I did some similar edits with masks on more typical unstitched photos (45Mp RAW, Nikon D850), on a 16GB base 14" MBP, and had no hesitations or beach-balling, despite about 2GB swap usage.
If, however, I converted the file to a super-resolution dng file (180Mp) and then did masking edits, it struggled a bit, and Lightroom took more than 16GB RAM, with about 5GB swap. For masking edits on these sort of file sizes I would recommend 32GB, otherwise 16GB seems to be fine.
btw, I did the same edits on my 32GB 27" 2020 iMac. Interestingly, Lightroom used roughly half the amount of RAM as it did on the 14" MBP, for the exact same edits, and with zero swap. This observation pushes one towards getting more RAM, not less, on the M1 processors, for Lightroom.
The additional RAM usage on the 14" MBP appears to be for the GPU. If I disable the GPU acceleration in Lightroom on the 14" MBP, it uses less than half the RAM, with no swap. But zooming and sliders become a little choppy.
I think if I was to buy this MBP again for a primary computer for photo-editing (which it is not, for me), I would get the base model but with 32GB RAM and 1TB or 2TB SSD.
I should point out that the Lightroom editing experience is far superior on the 27" iMac. I was able to do the edits about twice as fast - not because it processed it faster, but due to the larger screen and trackpad.

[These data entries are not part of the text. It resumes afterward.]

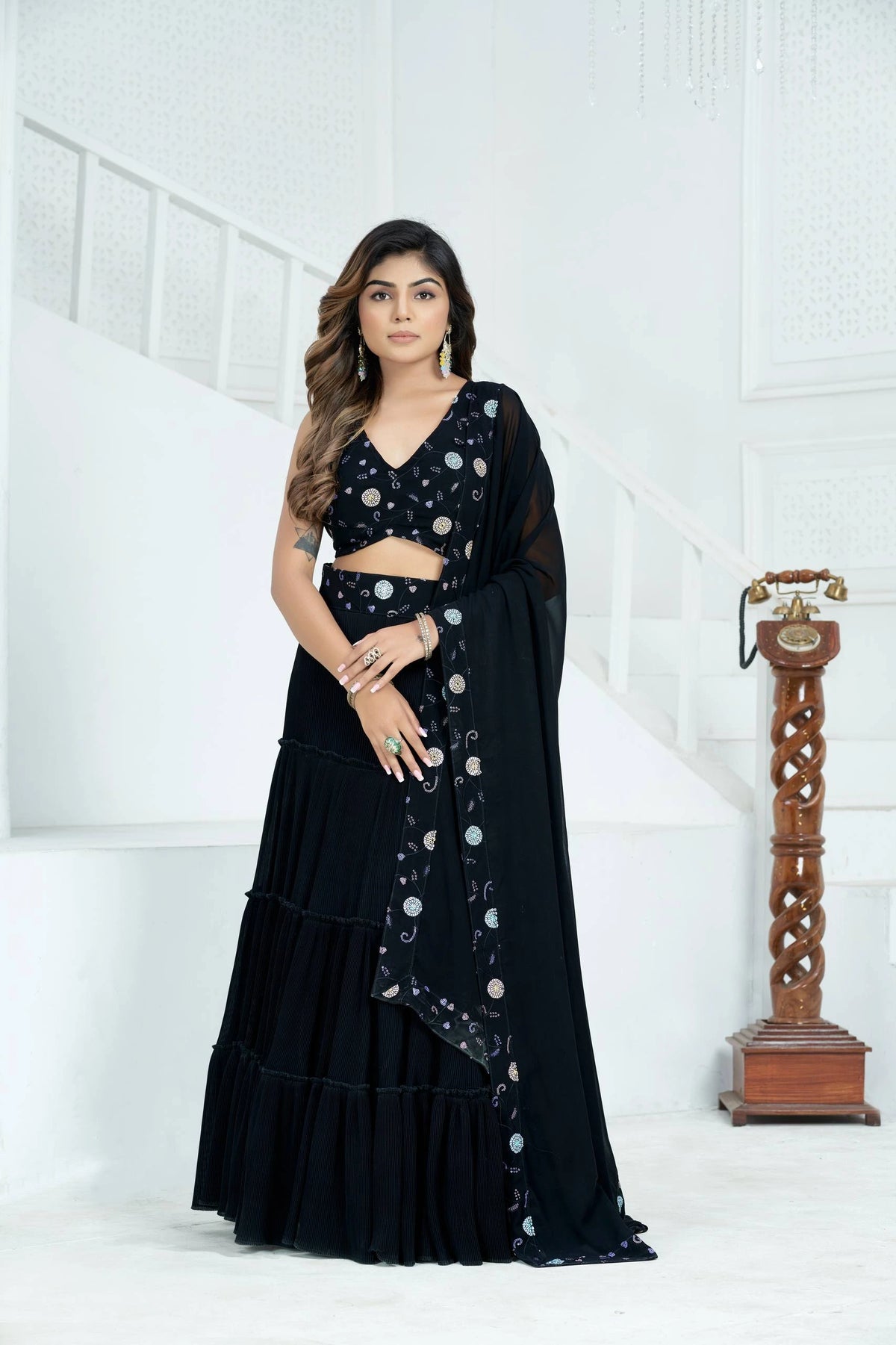 Woman wearing a black traditional outfit with a white background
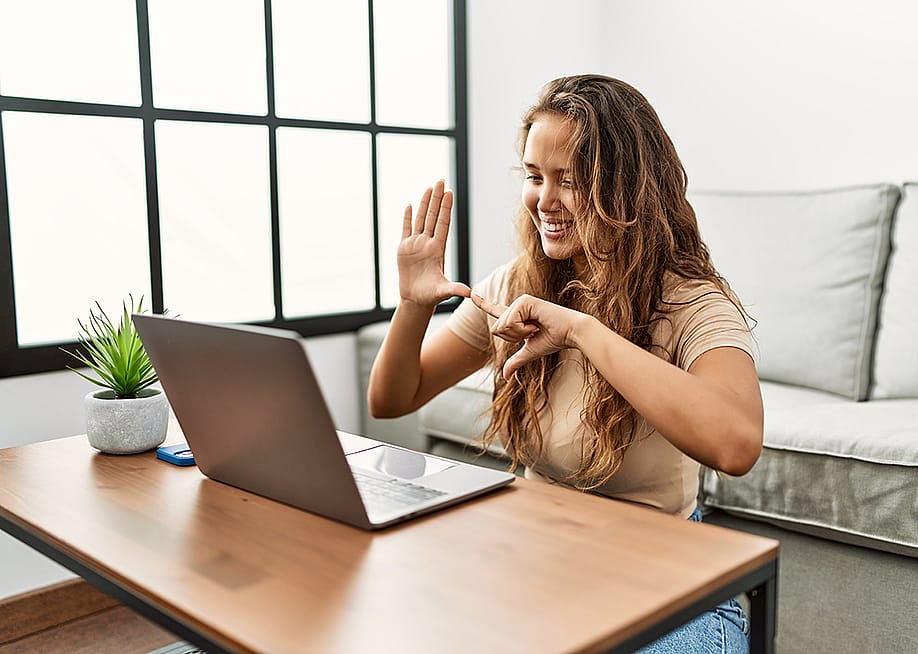 A person communicating through sign language during a Zoom video call. — Krakenimages.com // Shutterstock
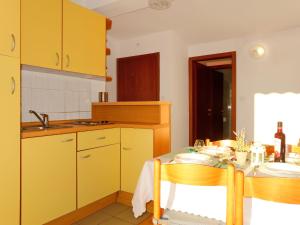 una cucina con armadi gialli, tavolo e sedie di Apartment Barbara - PUT121 by Interhome a Punat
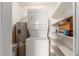 A laundry room with a stackable washer and dryer and open shelving at 700 E Mesquite Cir # O210, Tempe, AZ 85288
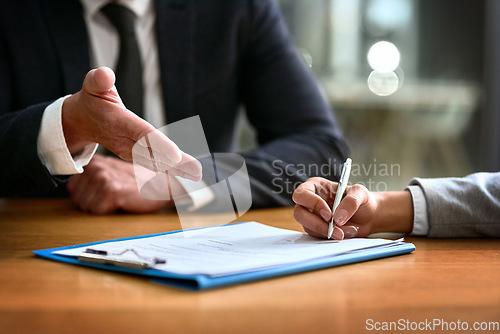 Image of Business people, hands and contract or signature for deal, partnership and legal paperwork, law firm and night office. Paper, client advice and lawyer person, notary or partner writing and agreement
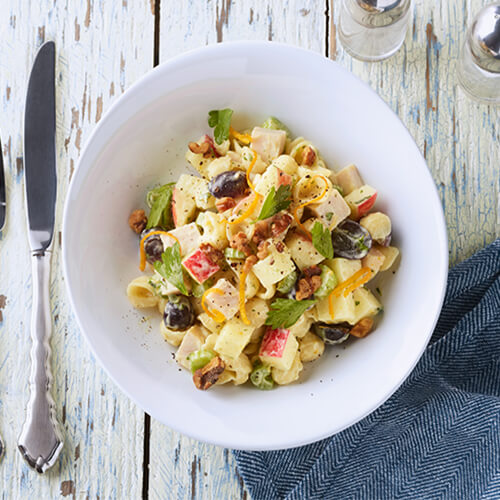 Pasta, fresh veggies and turkey all combined in a variation of a Waldorf salad, served in a white bowl, atop a linen cloth and wooden table.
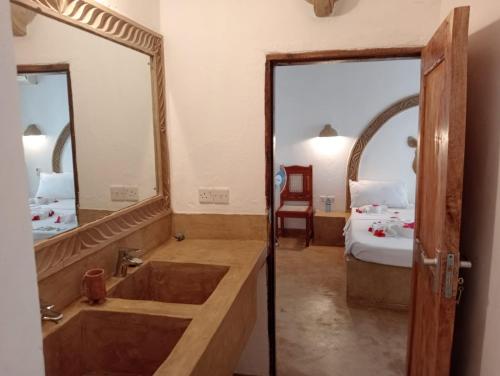 a bathroom with a tub and a large mirror at Boutique Hotel Nyumbani Tembo in Watamu
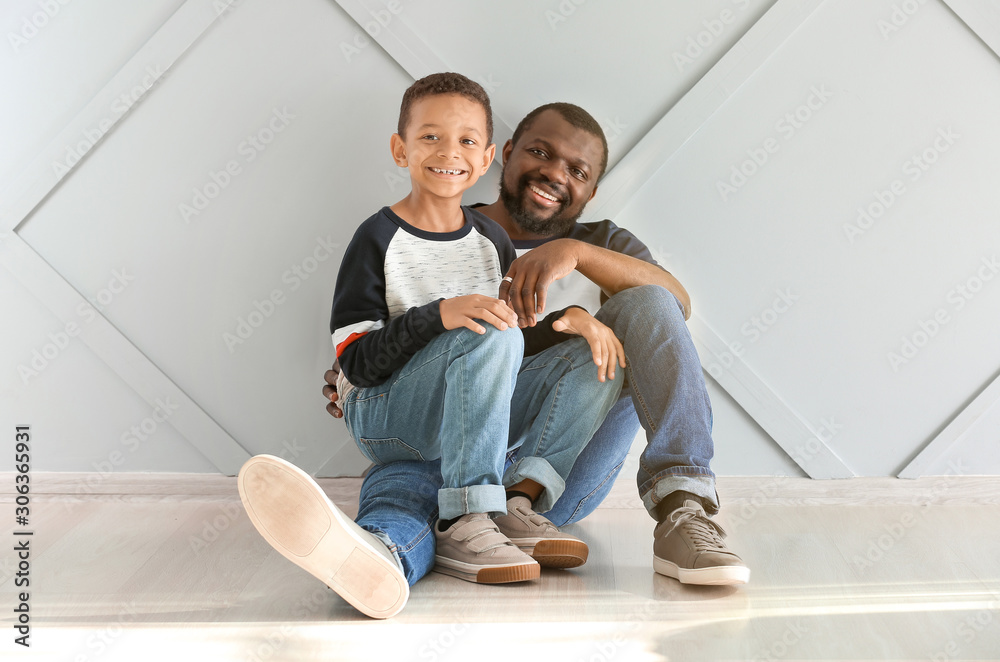 Portrait of African-American man with his little son sitting near light wall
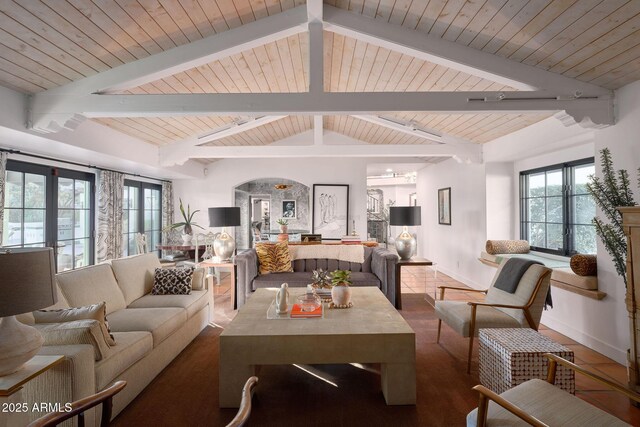 living room with wooden ceiling, lofted ceiling with beams, and plenty of natural light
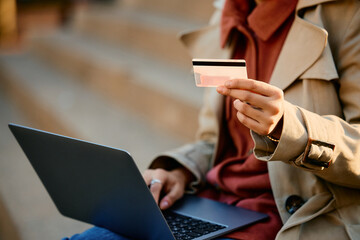 Close up of woman online banking with laptop and credit card outdoors.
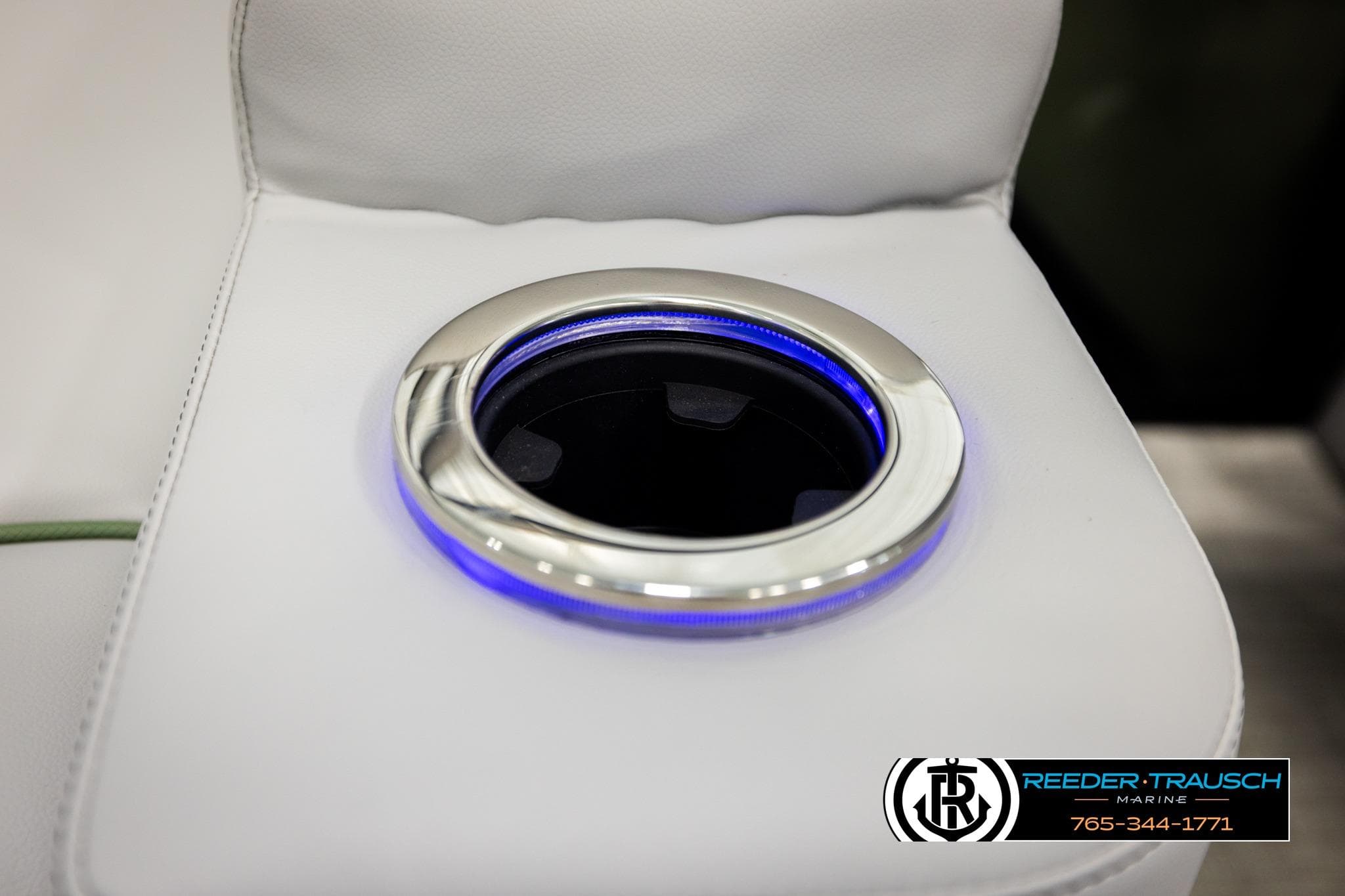 Illuminated cup holder on 2026 Avalon LSZ QLS boat seat, featuring sleek design.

Much less time wasted panning and zooming. There is no substitute for a 27" 5K screen. This should be the number one priority for anyone serious about photo editing, not RAM. Unfortunately a 5K screen is quite expensive (~$1300) when not bundled in an iMac.
EDIT: As others have pointed out, there are much more affordable 4K monitors available, which would achieve the same objective.